そう思うが月々のお小遣いでは到底手が出ない。恐る恐るおかんに相談してみたら、「そんなのおとうさんに言いなさい!」とピシャリ。
そりゃ、直接言えるのなら、おかんに相談しませんわな……。
と、そんなわけで、クラスの中の金持ちのボンだけが持っているのを横目に見ながら、泣く泣くあきらめたあの日の思い出。
そう、あの時あれは高かったのだ。

昭和の、子どもには「ちょっと手の出しにくい」ベストセラー商品。
当時の価格や時代背景を探りながら、その魅力を語る。

     ◇

通信キャリア各社の方針は、通話が「かけ放題」で通信には制限をかけるという料金体系が一般的な傾向だ。なるほど、通勤電車のなかで動画やオンラインゲームを楽しむ人が目につくし、できるだけ規制しておかないと回線がパンクしてしまう、ということらしい。

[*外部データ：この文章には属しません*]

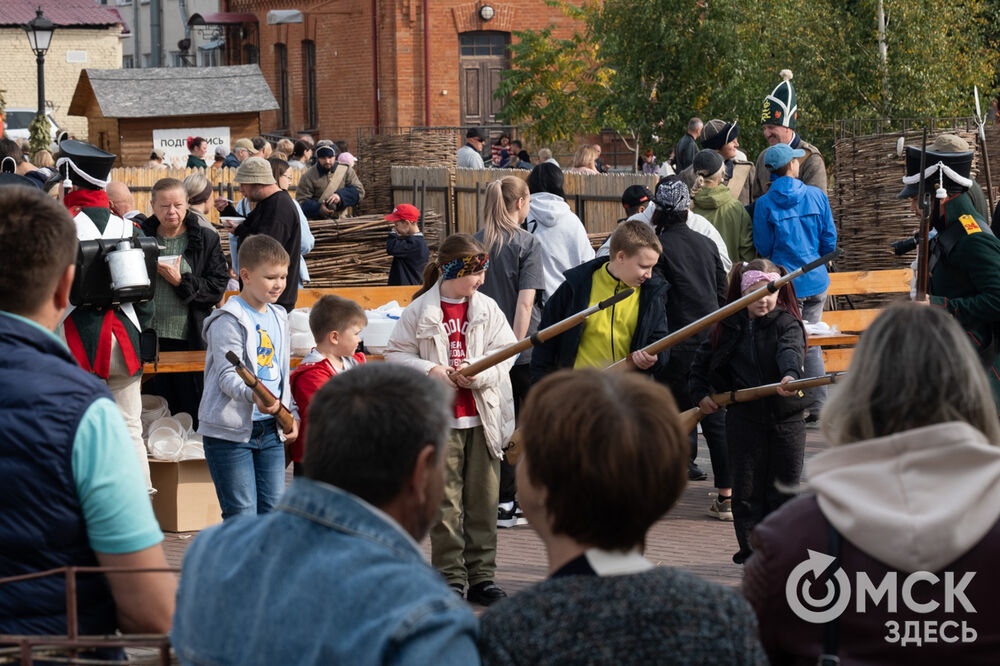 В Омской крепости прошёл фестиваль, посвящённый новому урожаю и историческим блюдам. Фото: Елизавета Медведева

便利に向かっているのか、一回転して不便に向かっているのか。そこんところはもはやよくわからないが、少なくとも昭和のおじさんたちにとって、映像を好きな場所に持ち歩けるなんていうのは、ものすごい「夢のまた夢」の実現なのであった。

ナショナルから1979年に発売された携帯型テレビ『トランザム』。

当時、この「テレビを持って出かける」という行為は、贅を超えた、いわばちょっと偏執的な習性を感じさせる、そんな商品であった。

思い返せば今から30年前。大学生の時、クルマ(トヨタ・ハイラックスサーフ)のダッシュボードに乗っけられたこの「トランザム」セットを見て、「よし、社会人になったら、俺はアレを目指そう!」と考えた。

苦労の末両方手に入れてみたものの、まだ、その当時はたいして映りもよくないし、そもそも助手席の彼女そっちのけで必死で見るほどの番組もないということに後から気付かされたのであった。

トランザムの発売当時の価格は69800円。現在の価格に直すと約98000円である。バブル期にさしかかろうという頃の浪費とはいえ、やや「無駄遣い」感が否めないのも若干の事実である。

片手に夕刊紙、心に花束、ポケットにスマホ。今のスマホは、そんなおじさんたちの憧れや悲しみを吸収し、ここまで発展してきたのである。